Cooper notes a Li-ion conversion is an easy process that simply requires some information about the make and model of GSE, such as voltage, amperage and minimum weight.
So, while the battery can be put into position with little trouble, the work primarily comes from getting the battery to read the state-of-charge and know how to shut down when it needs to.
“The work has to be done to get the battery to properly communicate with the tractor,” Lesch explains.
Those two components need to communicate with each other to optimize usability.

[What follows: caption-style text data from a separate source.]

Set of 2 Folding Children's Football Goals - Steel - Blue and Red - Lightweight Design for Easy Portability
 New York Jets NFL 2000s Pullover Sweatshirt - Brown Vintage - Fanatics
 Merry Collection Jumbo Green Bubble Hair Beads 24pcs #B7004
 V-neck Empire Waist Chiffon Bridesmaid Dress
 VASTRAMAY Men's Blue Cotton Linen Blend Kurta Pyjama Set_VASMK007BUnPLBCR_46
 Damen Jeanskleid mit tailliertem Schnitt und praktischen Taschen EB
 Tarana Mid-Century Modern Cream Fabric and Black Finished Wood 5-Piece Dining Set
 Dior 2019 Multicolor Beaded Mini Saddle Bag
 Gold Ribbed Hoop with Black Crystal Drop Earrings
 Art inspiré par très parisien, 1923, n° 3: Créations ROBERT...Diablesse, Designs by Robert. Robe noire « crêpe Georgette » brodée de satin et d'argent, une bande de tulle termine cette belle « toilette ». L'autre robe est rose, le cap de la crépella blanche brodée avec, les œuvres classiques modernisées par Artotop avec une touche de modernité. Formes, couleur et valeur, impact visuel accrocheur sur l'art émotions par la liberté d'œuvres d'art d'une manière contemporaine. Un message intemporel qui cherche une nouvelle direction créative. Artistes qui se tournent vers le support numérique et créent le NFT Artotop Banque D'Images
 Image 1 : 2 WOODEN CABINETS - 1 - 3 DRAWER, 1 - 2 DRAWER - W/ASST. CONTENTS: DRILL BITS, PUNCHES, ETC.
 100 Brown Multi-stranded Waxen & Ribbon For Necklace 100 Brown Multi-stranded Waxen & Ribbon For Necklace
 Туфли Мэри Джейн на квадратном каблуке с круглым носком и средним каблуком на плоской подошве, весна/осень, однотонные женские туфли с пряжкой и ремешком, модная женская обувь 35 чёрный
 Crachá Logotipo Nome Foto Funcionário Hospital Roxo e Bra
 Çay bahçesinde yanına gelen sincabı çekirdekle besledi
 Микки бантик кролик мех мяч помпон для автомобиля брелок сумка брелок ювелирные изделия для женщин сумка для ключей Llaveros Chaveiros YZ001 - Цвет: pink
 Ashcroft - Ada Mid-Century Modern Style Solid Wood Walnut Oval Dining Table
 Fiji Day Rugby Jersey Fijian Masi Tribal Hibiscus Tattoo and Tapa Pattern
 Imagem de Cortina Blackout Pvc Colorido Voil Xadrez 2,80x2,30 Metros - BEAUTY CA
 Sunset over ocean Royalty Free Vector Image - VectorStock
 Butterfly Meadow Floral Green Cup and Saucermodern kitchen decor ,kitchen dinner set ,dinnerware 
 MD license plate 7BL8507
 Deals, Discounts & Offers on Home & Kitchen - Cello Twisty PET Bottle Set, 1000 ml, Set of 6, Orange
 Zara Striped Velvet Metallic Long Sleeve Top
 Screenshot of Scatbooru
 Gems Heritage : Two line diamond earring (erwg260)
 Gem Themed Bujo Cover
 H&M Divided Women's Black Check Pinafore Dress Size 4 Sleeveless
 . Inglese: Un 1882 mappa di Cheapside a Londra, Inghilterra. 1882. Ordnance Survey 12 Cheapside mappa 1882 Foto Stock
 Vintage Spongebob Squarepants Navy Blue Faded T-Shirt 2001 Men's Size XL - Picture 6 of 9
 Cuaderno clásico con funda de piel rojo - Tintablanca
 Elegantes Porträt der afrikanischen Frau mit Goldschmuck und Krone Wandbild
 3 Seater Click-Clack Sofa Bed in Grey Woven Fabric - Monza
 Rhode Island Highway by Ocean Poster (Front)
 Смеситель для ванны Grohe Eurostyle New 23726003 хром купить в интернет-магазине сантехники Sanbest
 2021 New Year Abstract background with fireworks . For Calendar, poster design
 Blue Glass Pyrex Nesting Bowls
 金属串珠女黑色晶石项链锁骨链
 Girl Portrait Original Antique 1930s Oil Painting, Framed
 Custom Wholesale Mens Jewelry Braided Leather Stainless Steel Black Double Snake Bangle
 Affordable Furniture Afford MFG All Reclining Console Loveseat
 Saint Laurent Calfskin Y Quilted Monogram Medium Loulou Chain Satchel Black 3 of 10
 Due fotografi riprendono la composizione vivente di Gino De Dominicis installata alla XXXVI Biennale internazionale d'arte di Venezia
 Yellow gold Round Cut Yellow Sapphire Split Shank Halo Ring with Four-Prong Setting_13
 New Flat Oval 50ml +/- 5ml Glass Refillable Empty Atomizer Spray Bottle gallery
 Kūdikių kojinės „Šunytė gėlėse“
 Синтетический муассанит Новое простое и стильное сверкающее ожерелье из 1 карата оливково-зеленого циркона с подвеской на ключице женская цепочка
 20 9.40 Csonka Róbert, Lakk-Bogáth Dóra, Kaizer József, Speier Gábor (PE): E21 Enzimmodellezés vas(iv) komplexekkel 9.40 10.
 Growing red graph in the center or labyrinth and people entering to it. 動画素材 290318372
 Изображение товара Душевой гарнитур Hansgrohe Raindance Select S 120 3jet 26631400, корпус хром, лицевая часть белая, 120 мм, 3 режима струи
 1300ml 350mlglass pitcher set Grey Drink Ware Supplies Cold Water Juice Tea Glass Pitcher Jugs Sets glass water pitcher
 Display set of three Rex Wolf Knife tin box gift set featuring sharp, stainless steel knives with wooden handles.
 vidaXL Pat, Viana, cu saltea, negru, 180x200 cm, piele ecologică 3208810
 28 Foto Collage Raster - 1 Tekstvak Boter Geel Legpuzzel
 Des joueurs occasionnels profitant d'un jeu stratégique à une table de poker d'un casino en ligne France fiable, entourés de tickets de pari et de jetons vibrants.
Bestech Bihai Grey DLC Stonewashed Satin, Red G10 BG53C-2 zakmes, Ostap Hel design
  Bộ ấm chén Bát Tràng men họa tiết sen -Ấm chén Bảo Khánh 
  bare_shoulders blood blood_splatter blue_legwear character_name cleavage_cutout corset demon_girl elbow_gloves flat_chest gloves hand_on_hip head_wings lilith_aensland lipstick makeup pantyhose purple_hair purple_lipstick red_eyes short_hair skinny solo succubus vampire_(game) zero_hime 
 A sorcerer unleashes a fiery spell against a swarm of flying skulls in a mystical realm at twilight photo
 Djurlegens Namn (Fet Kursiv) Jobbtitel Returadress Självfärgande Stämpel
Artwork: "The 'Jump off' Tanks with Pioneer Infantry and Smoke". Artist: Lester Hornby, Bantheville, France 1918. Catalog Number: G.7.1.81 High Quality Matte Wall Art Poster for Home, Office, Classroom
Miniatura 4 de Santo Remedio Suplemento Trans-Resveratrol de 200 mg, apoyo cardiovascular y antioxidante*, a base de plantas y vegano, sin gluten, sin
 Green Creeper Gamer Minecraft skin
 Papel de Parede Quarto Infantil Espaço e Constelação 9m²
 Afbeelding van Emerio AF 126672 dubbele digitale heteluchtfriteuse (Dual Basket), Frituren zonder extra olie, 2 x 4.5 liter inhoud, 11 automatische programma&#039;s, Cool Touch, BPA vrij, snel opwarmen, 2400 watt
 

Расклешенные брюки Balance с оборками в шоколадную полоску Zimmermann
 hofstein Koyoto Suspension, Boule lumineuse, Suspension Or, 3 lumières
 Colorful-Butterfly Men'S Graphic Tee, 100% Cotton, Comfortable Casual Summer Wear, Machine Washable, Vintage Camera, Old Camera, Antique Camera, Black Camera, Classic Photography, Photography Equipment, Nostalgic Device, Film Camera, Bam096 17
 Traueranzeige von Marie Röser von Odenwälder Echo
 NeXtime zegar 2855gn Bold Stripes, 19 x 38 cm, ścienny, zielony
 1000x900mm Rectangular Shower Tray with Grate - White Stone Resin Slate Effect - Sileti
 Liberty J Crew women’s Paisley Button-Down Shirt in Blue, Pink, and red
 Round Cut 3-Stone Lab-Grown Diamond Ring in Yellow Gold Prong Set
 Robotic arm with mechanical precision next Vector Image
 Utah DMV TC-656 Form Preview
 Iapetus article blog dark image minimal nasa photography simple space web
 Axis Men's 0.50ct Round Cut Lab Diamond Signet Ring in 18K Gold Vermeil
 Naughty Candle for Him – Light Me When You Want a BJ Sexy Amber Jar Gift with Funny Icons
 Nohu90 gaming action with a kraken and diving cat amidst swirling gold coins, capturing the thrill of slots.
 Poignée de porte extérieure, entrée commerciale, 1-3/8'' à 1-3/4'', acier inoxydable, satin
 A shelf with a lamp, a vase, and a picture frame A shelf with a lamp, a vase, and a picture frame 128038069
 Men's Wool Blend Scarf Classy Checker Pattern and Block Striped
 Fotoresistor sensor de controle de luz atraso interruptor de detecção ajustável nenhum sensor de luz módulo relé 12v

Li-ion batteries can be installed by the OEM or battery supplier. While retrofits are possible, often Li-ion powered vehicles are built new.
“It makes sense to have the OEM install it at the factory and make sure the system is operating properly,” Allen says.
Li-ion batteries are beginning to find traction in the industry, powering GSE vehicles from Charlatte, TLD, Textron GSE, Toyota, MULAG, Trepel and Still, among others.
Charlatte vehicles powered by Li-ion are in operation at airports in Salt Lake City, Minneapolis, Boston, Seattle and Atlanta and several locations in the Middle East.
“Initially, we found that customers were intrigued by the benefits of Li-ion batteries but discovered their upfront cost to be prohibitive to making that switch from lead acid,” Lamb says. “Recently, however, we have been experiencing increased interest from more budget-minded handlers who are now recognizing that those advantages combined over the life of the GSE make Li-ion an economically viable decision."